Mankind is today under the stress of mega disasters with increased frequency whose impacts are detrimental to socio-economic development. Disasters cause Global annual loss of $50 billion. Economic losses between 1960 and1990 have augmented five times because of rising vulnerability of the population. Between 1980 and 2007, nearly 7,500 Natural Disasters worldwide took the life of over 2 million people and produced economic losses of more than 1.2 Trillion dollars caused by Climate-Weather-Water related Calamities.

The World Meteorological Organisation (WMO) has declared protection of lives, property and livelihoods to be at the core of priorities for the WMO Members as per the Disaster Risk Reduction Work Plan 2012-2015.

The questions that we should now ask are- what are the priorities that the Policy Makers and the Responsible Institutions and Conference Participants of the Republic of Mauritius have established in light of the different International Conventions and Protocols adhered to?  Has the Opposition of the National Assembly, which is the shadow government, established any Work Plan for the security and protection of the citizens?  The citizens of the Republic of Mauritius have experienced three Extreme Floods within 5 years-26 March 2008, 13 February 2013 and 30 March 2013. A Fact Finding Committee was appointed within 10 days by the government after the 2008 event when 4 persons died.
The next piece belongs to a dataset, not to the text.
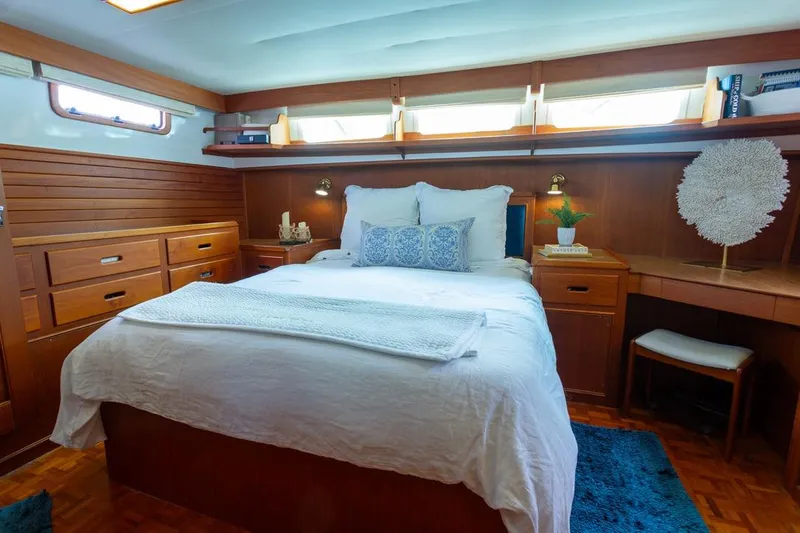 Sandy Isles Yacht Photos Pics Luxurious cabin interior of 1993 Grand Banks 46 Motoryacht with elegant wood finish.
Today 30 September 2013, marks 6 months since 11 persons were drowned in the Flash Flood of 30 March 2013. There is no enquiry and/or impact assessment that has been appointed to limelight the event.
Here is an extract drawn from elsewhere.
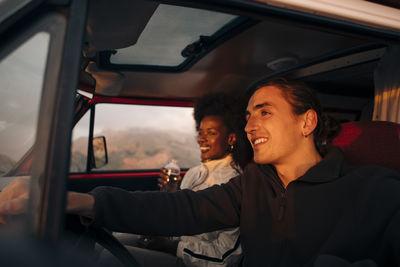 Smiling young man driving van with female friend on vacation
The Speaker of the National Assembly turned a deaf ear to my request of 22 March 2013 in which I was ringing the ‘Alarum Bell’ on the oncoming Flash Flood of 30 March 2013. Prime Minister Ramgoolam who is the head of Government declared that ‘even God is not capable to know what has happened to us’. Honourable Ganoo, who is the Leader of Opposition, said it is an ‘Act of God’. Researchers and Impact Assessors are well acquainted to such comments, which are uttered when the Policy Makers try to defend their Failure in Managing Disasters. Moreover, PM Ramgoolam who was at the UN General Assembly, on 28 September 2013, made a statement on issues related to Climate and Weather. It was merely the ‘lamentable echo noise of an empty barrel’. That is why, at page 30 of my famous document of 28 May 2011 which I have submitted to the Government Leaders and to the Opposition Leaders, I have mentioned:

You, who are Policy Makers, are from the Intellectual Elite of the 87% of the literate society of Mauritius. If I try to calibrate you in Natural Hazards Literacy, I am sure you will fall in the lower level of the pass mark”.
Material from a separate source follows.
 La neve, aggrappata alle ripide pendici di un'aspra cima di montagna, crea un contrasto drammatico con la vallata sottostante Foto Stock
The Policy Makers are not literate in basics and elementary knowledge of Disasters. Obviously, they are incapable of educating the population and of adopting a Work Plan. Catastrophically, they ‘put people last’. As a consequence, loss of lives and damage to property become inevitable, and thus they unveil their poor strategy of unsustainable development and of ill-governance, contrary to the various Conventions and Protocols adhered.

This is strictly for educational purposes.

PREABRUTH KANHYE.                                    30 SEPTEMBER 2013.